Leadership Council for Human Rights

~ Feet in the mud, head in the sky ~

Friday, November 03, 2006

A Call to Humanitarianism

The following is a letter to the editor by LCHR President, Kathryn Porter, which appeared in today’s Washington Times.

A Call to Humanitarianism
The news coming out of the world's conflict zones grows increasingly dire. In Sudan, we see a human rights catastrophe spinning out of control; in Iraq, insurgents and militias perpetrate the torture and murder of countless civilians. In North Korea, an entire nation is held captive by state-sponsored oppression. In Afghanistan, corruption at the highest levels has allowed the Taliban to regain power and terrorize the Afghan people who do not comply with their moblike tactics. The list goes on. Atrocities are being committed everywhere we look.

Meanwhile, with midterm elections a few days away, many candidates are focusing their campaigns around negative ads and rallying their bases on wedge issues. Partisan pandering may win elections, but it does not solve the global human rights crisis unfolding around us.

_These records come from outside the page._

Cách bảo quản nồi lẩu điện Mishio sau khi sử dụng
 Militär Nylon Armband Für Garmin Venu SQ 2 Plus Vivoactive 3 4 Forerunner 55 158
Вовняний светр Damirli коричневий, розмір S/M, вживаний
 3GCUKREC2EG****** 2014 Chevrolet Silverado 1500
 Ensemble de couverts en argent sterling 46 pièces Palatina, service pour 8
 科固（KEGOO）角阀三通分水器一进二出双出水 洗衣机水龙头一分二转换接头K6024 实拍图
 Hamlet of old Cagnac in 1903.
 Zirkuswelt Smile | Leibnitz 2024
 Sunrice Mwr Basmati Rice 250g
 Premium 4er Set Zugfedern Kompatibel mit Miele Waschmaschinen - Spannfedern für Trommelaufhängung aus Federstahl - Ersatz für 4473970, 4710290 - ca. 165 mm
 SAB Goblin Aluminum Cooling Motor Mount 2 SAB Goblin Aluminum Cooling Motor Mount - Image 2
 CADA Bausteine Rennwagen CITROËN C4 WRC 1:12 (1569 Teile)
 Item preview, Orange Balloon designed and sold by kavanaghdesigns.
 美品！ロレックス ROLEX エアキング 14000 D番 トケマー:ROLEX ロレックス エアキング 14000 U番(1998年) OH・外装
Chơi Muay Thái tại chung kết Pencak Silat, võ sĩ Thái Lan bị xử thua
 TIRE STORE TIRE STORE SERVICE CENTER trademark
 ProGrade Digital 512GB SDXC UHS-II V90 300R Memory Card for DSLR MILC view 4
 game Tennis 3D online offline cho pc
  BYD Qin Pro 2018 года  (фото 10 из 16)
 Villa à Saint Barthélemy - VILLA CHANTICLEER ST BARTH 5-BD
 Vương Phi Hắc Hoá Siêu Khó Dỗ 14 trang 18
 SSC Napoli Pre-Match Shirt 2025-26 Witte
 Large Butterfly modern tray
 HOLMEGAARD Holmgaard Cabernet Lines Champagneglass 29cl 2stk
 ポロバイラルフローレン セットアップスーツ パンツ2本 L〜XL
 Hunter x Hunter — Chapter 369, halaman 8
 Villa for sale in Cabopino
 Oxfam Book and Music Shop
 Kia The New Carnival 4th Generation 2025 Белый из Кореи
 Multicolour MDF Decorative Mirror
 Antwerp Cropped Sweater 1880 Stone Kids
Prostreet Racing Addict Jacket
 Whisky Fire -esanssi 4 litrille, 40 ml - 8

Most Americans have seen images of the atrocities in Darfur broadcast into their living rooms on CNN. Genocide in real time — we can read all about it on Anderson Cooper's 360 Blog. Not as prominently reported are the accounts of human rights abuses against Egypt's Copts and Baha'is, China's Uyghurs, Iraq's Chaldo-Assyrians and other minority groups. The overarching themes of sectarian violence and ethnic and gender discrimination, though, are common knowledge.

Without having seen or experienced these atrocities firsthand, Americans become anesthetized to the ongoing evil in faraway places. Compassion fatigue plagues the U.S. public and policy-makers. Americans need a wake-up call and a reminder that average people can make a real difference in the lives of those whose rights are being trampled by appealing to their elected decision-makers.

Thankfully there are strong leaders in Congress to shake us out of our collective inaction, foremost among them Congressional Human Rights Caucus co-chairmen Tom Lantos, California Democrat, and Frank R. Wolf, Virginia Republican. Earlier this month, hundreds of advocates from nongovernmental organizations both large and small gathered to recognize Mr. Wolf's outstanding work to end persecution, specifically his commitment to religious freedom ("Re-elect Frank Wolf," Editorial, Oct. 20).

Mr. Wolf had a message for those present: Things are getting worse, not better. In response, the human rights community must collaborate to find a common cause and solve the most urgent problems of our day. We must show the world that the U.S. is serious about ensuring fundamental freedoms and that protecting human rights is our top priority.

The human rights community should pay attention to Mr. Wolf's wise words, heeding his call to build solidarity and speaking with one powerful voice. Now more than ever, leaders of nongovernmental organizations must join forces to promote human rights on Capitol Hill and around the world. The desperate headlines underscore the critical importance of human rights groups working together, presenting a united front at a time when fundamental freedoms have reached an all-time low.

Uttering platitudes in the face of humanitarian crises is not enough; circumstances demand creative solutions with political legs. If we supply the ideas, our human rights champions in Congress and in the field will pave the way for new and meaningful action.

Partisanship is rampant in Washington, but by shifting the dialogue away from the issues that divide us to something everyone can agree upon — protecting the freedoms we hold dear on a global scale — we can harness the vast supply of energy on both sides of the aisle to elevate the human rights agenda.

All Americans are stakeholders in this debate. Who among us will stand up and be counted?